My nomination for most clueless spokesman of 2015....was he really told that the study was randomized between ALS and BLS transports? As if a system with ALS units sitting around will just send BLS units on calls to see if their patients do better?

As an observational study, it allows for correlations to be made with the data, but it cannot lead to conclusions of causality.
Doesn't mean conclusions can't be drawn from the data, otherwise observational studies wouldn't be published in journals like AIM. And with an n well exceeding a quarter million (approaching a half million), the shortcomings of observational data are pretty meaningfully mitigated.

With regard to selection bias:
The applicability of the results is therefore limited to patients who are in the Medicare system and are therefore generally 65 or older.
The very population most vulnerable to 3 of the 4 inclusion criteria and the largest, most frequently presenting fragile patient population. That is not a study flaw. That's the representative group you want to pay attention to. The study would have been far less meaningful if it were limited to AAA baseball players less than 24 years old...hard to understand the criticism there.

I could go on, but this was a good paper as observational studies go.
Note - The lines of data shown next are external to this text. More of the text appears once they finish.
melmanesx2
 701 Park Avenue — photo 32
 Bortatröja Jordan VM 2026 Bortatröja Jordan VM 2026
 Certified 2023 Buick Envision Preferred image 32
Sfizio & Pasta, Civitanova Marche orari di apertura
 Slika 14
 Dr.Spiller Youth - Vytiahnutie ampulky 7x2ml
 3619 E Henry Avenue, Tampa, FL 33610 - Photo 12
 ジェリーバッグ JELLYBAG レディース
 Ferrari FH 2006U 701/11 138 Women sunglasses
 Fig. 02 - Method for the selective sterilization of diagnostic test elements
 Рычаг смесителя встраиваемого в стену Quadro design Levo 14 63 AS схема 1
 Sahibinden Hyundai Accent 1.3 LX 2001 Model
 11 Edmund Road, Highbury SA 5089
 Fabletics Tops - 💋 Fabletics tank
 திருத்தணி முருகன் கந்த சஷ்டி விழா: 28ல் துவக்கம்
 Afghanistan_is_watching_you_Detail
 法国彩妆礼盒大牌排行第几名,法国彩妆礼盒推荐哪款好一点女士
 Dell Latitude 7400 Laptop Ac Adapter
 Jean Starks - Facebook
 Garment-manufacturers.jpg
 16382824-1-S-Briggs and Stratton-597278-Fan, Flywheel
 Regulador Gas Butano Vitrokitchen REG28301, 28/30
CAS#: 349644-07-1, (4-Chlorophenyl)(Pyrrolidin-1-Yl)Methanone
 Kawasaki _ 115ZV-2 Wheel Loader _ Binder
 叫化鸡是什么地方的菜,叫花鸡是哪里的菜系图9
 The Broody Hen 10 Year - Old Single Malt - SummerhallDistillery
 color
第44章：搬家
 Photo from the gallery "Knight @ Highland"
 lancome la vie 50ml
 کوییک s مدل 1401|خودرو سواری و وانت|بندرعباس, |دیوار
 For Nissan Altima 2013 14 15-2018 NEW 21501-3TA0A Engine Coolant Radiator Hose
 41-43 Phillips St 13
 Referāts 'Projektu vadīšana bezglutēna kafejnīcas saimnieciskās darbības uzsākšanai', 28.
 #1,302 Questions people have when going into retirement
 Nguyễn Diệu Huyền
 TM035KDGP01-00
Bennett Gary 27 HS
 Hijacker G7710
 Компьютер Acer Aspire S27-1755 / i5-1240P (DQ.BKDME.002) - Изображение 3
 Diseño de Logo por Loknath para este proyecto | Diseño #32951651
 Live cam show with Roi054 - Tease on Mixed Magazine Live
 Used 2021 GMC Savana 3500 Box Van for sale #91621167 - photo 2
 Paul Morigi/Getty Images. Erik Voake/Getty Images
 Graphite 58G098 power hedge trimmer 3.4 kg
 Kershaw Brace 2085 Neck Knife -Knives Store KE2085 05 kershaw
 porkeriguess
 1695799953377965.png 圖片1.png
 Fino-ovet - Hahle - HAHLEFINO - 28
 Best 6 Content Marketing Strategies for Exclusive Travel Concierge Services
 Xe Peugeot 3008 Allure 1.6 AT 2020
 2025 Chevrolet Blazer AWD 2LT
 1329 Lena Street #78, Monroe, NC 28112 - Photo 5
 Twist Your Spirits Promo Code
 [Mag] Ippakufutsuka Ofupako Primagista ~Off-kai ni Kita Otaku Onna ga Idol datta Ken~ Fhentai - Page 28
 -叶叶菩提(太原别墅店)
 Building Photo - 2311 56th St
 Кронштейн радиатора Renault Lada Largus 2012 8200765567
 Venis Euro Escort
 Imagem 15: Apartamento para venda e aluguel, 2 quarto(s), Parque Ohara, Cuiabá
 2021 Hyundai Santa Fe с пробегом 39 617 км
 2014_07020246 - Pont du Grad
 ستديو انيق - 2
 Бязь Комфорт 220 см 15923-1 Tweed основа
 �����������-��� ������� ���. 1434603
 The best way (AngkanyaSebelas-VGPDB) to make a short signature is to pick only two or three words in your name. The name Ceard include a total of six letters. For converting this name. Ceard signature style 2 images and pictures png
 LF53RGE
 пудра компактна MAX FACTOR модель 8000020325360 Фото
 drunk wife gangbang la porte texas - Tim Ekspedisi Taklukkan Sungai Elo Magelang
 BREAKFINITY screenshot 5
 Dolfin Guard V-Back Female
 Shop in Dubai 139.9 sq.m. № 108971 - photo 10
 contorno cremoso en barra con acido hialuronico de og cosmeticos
What this type of study and the tons before it don't (can't) take into account is what the hospitals are capable of providing.

That care advances orders of magnitude faster than what pre-hospital care can is a big confounder. As hospital care becomes more sophisticated, pre-hospital care becomes proportionally less important (not unimportant). Rural areas with less sophisticated hospital capability depend far more on ALS than urban centers do. Add prolonged travel times and it's a slam dunk for ALS. The irony is that those 'underserved' areas are greatly volunteer BLS so the point is moot.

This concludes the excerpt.